Вот Ирина Купченко обращает глаза на режиссера: мол, стоп, дубль испорчен? Это на кокетливую ее реплику: «Вот так и начинаются напрасные романы, просто мужчина наедине с женщиной не смог держать руки при себе» — Андрей Миронов вдруг стиснул руки, как бы скованные кандалами, и принялся шагать перед нею словно вдоль стенок камеры. Дубли с такими диковинными импровизациями потом и входили в картину. В каждом у него возникало что-либо непредвиденное. Вот его герой взбунтовался против своего начальника. «Почему я должен за тебя трубить! Потому что ты меня любишь? Но ведь это ты меня любишь, а не я тебя люблю!»
И вдруг, на экране уже, замечаем, что он в то же время как бы обнимает руку по-хозяйски опершегося на стол этого своего начальственного ласкового вампира. И глаза виноватые, беспомощные...

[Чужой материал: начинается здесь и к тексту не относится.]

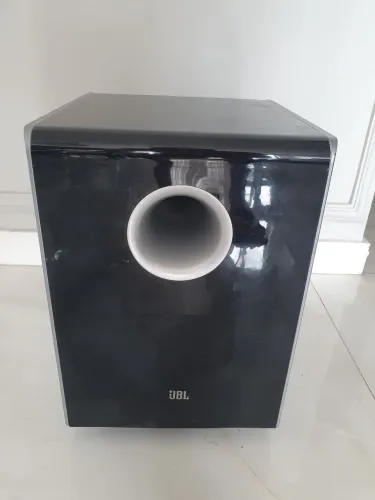 Caixa Som SUB marca JBL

Несколько месяцев каждодневных счастливых встреч с Андреем Мироновым на съемочной площадке! Обязательно мне было приходить туда? Вовсе нет, я только сценарист, у меня другие дела — за пределами студии. Но в эти незабвенные месяцы не могло быть других дел.
Каждый день он изощренно и разнообразно потешался надо мной. Шуточки его рождались сразу же, стоило мне появиться. Как будто я и приходил для того лишь, чтобы давать ему поводы для острот.

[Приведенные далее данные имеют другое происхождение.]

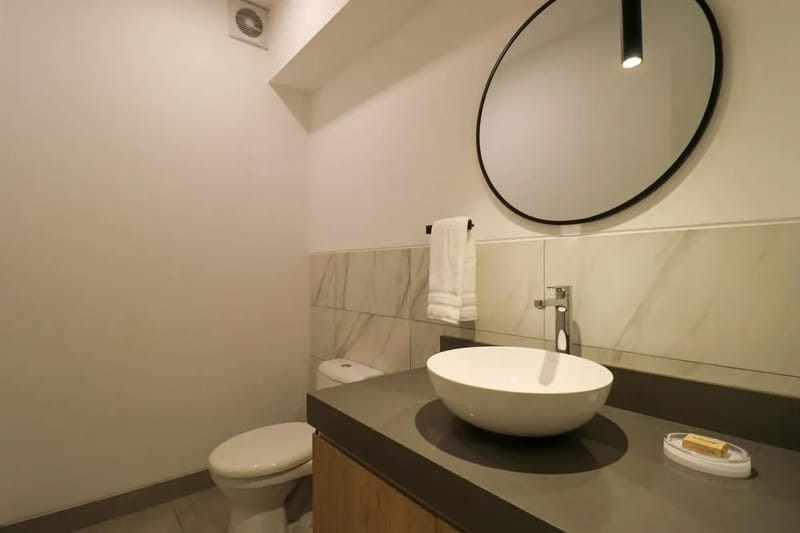Charming 2BR with Balcony in Miraflores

— Неужели, когда кончится работа, мы больше не будем встречаться? — недоуменно, грустно спрашивал он. И спрашивал-то потому, что насквозь видел всех, каждого, значит, и меня... Не встретились больше, ни разу, до конца.
Когда он появлялся на сцене, на экране, и не догадаться было о его замечательном остроумии. Играя смешных, бестолковых, он оставался таким, какими и мы бываем в жизни. Играя беззаботно-удачливых, он был таким, как и мы, но в лучшие наши минуты.

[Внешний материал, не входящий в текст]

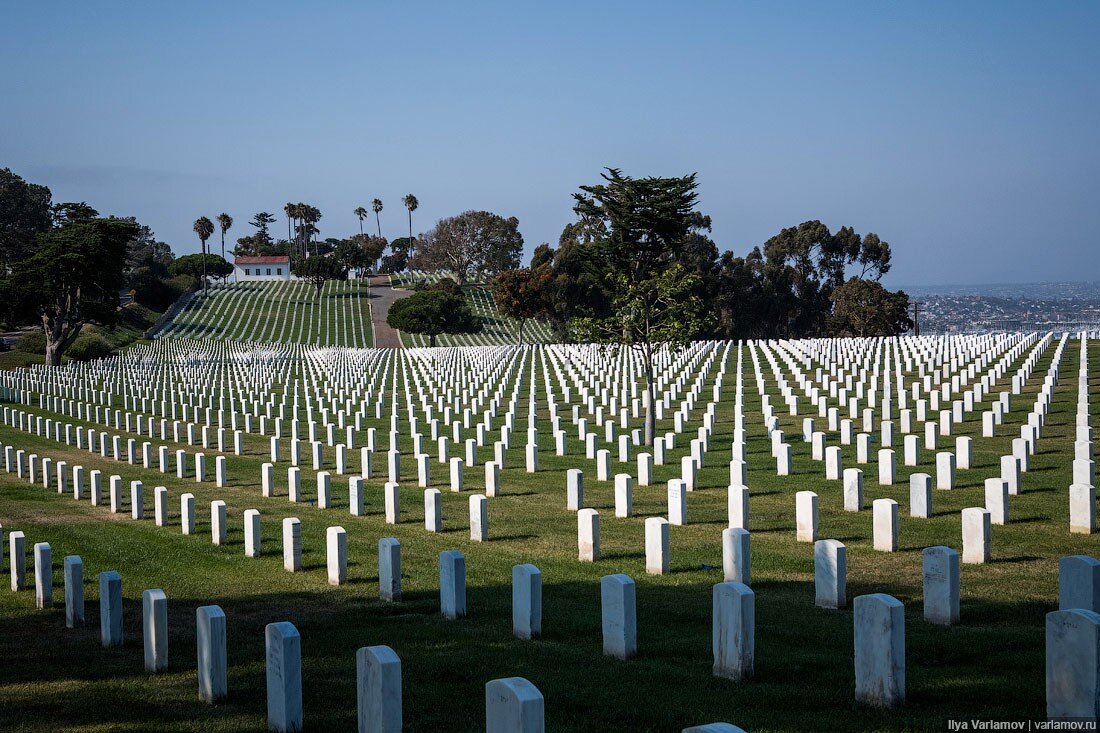 Сан-Диего: хорошее кладбище и военные базы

Жизнь, естественно, прозаична. Поэзия в ней нечастый гость. Но среди спасительных муз есть музыка. Миронов жил заодно с ней. Пребывать на сцене — для него это было почти то же, что танцевать. Говорить слова на экране — для него это было необходимостью следовать музыке человеческой речи.
Значит, он был завидно веселый человек?
И такой. Но он был и грустный человек. Две стороны его натуры теснили одна другую. Правда, печаль его с годами становилась менее светла.
Однажды мне позвонил Алексей Герман, который готовился снимать картину «Мой друг Иван Лапшин». И задал неожиданный вопрос: «Какой актер Андрей Миронов? Как с ним работается? Можно ли предложить ему роль писателя, который пытается покончить жизнь самоубийством оттого, что у него умерла жена?» Я сказал, что работать с ним — необыкновенное счастье.
В качестве комического, виртуозно приплясывающего актера он стал кумиром зрителей. Именно кумиром, а не модным. Мода лишь маскирует отсутствие личности. Нам еще неведомы были иные его возможности.
И вот он сыграл эту роль. Помните, как его стошнило от дула пистолета, из которого он хотел пустить себе в рот пулю? А до этого — какой он был флегматичный, ироничный... Герману нужны были не просто хорошие актеры, но люди, понимающие те времена, о которых говорила картина. Миронов был таким.
Он был отзывчив к житейским трудностям незнакомых людей. Стеснительно пользуясь своим обаянием, многим помог. Он был пожизненно предан своим друзьям. Он самозабвенно любил свою мать и своего отца и их друзей.
Многие помнят, как еще только возникли первые разговоры о его таланте. И вот люди намного старше его, видевшие в нем свою молодость, узнали о том, что его уже нет. Появился и исчез на наших глазах. Это часть молодости покинула нашу землю.
Вот как странно: уходят из жизни художники крупных дарований, горячо любимые ценителями. Но лишь один, другой, оказывается, были любимы народом. Так вышло, что жизнь Андрея Миронова была одарена народной любовью. Почему так вышло, что причиной? В нем было то, что в человеке почитается и академиком, и уборщицей, и школьником. А помимо того, — и что-то еще.
Володин А. Свет таланта. В книге: Андрей Миронов. М.: Искусство, 1991.